Of all the millions of people over thousands of years who had looked up and imagined themselves floating among the stars, these three men were the first to experience it. And it opened their eyes to the harsh, dead reality of space. When the Earth came up, blue and white and smiling over the moon's horizon for the first time, they saw, like the God of Genesis, that it was good. Anders snapped the photograph. You've seen it.

The astronauts ended their Christmas Eve television transmission by reading from the biblical creation story as their craft sped toward the lunar night. This primitive, elemental account of a living world - carved from darkness, marked out from the silent firmament - was never more persuasive and never more moving. To the list of Apollo 8's accomplishments, add this: Nothing as profound has ever been broadcast.


"What they should've sent was poets," Borman has said, "because I don't think we captured in its entirety the grandeur of what we had seen."

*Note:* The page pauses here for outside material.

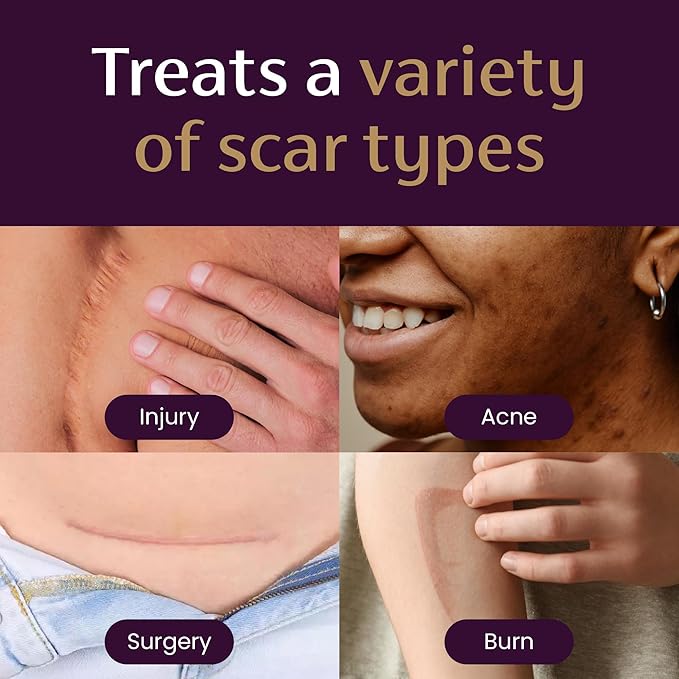 Mederma Scar Cream Plus SPF 30 - Advanced Scar Treatment, Protects from Sun Damage, Reduces Appearance of Scars from Acne, Burns, Surgery & Injury, 0.7 oz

I would disagree. The message came through loud and clear. We only need to be reminded.


Mired in another bitter year, Apollo 8 still speaks to us, challenging us to dream of big things and dare for grand causes. And also teaching again the lesson that we are blessed to be here aboard a living planet in a vast ocean of lifelessness. Lucky to have company in a lonely galaxy. Called to care for one another, and for this unlikely lifeboat that is our mutual home.